Rad assistants can save practices hundreds of noninterpretive task hours

A single radiologist assistant offloaded nearly 680 hours of noninterpretive work from radiologists at a large Australian private practice over 12 months, according to a recent study. 

The finding is from researchers at Jones Radiology -- a multisite practice with more than 60 radiologists across 30 locations in South Australia -- who retrospectively analyzed all tasks delegated to a centralized radiology administrative assistant (RAA) working standard weekday hours between October 2021 and October 2022. 

“Whilst indispensable, these non-reporting duties can be time-consuming and disruptive, with deleterious effect on a radiologist’s accuracy, efficiency, and productivity,” the group wrote. The study was published April 1 in Current Problems in Diagnostic Radiology

In addition to the primary role of image interpretation and reporting, noninterpretive tasks constitute up to 44% of a radiologist’s workday, the authors explained. Examples of include study protocoling, obtaining access to prior imaging, and communication tasks with referrers, radiographers, and informatics personnel. To reduce the burden of these tasks, in 2021, the group implemented an RAA role, and in this study they assessed its impact on workflow and efficiency. 

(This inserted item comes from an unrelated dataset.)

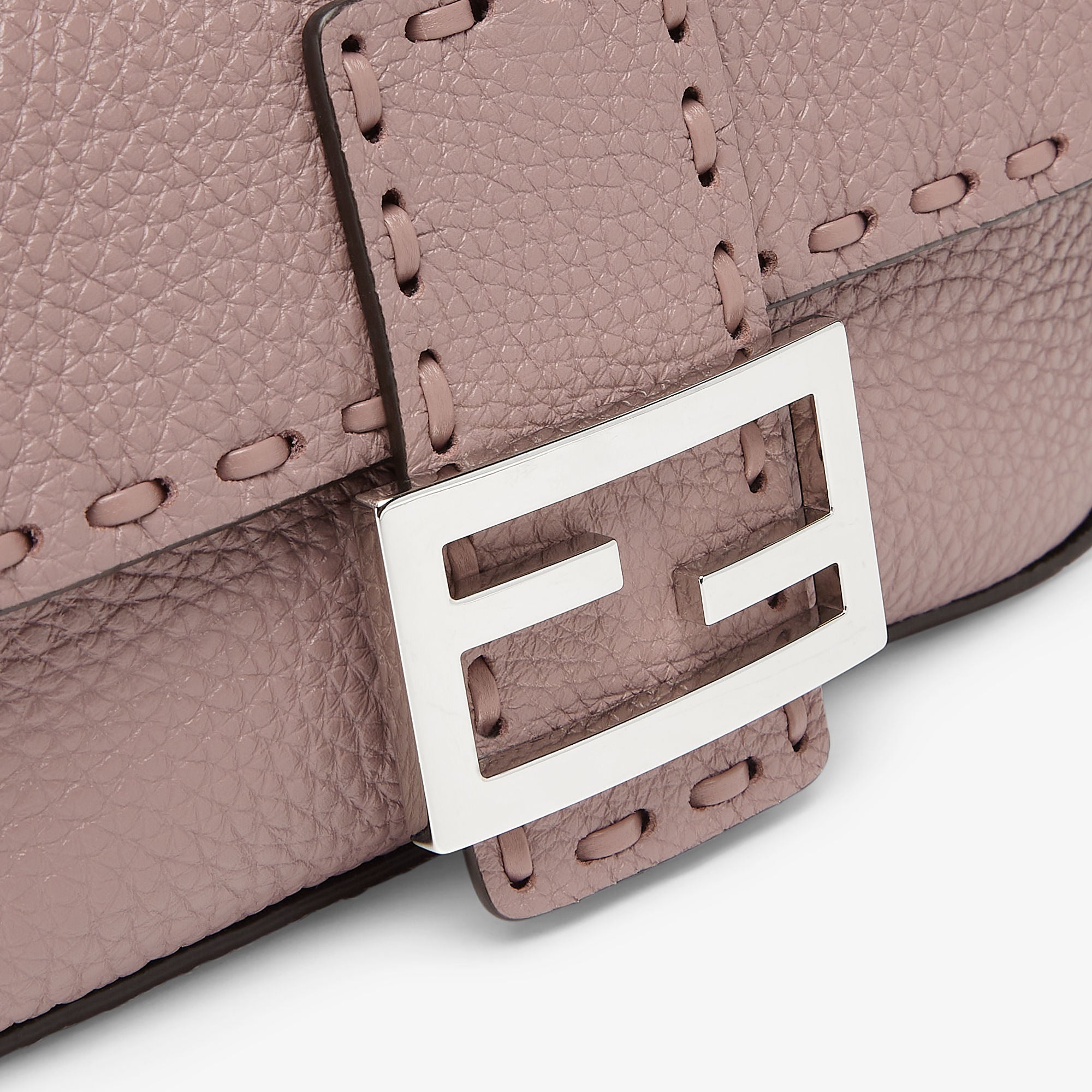 Baguette Mini Mauve pink Selleria bag with 309 hand-sewn topstitches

The RAA handled tasks assigned through a PACS-integrated critical results function and an internal messaging system. Over the study period, the RAA completed 5,445 assigned tasks, split nearly evenly between result-communication work (2,707 tasks, 49.7%) and non-result–communication tasks (2,738 tasks, 50.3%). The authors estimated that result-communication duties consumed approximately 451 hours and noninterpretive administrative tasks added an estimated 228 hours, for a combined total of approximately 679 hours. 

“Utilizing RAA facilitates effective closed-loop communication with adequate turnaround time and reduces the burden of administrative tasks, allowing more time for clinical interpretative tasks,” the researchers wrote. 

Further efforts should focus on systemic and institutional improvements, such as automation of prior imaging from external sites, to streamline RAA workflow, whose workload is expected to increase from here on, the group concluded. 

The full study is available here.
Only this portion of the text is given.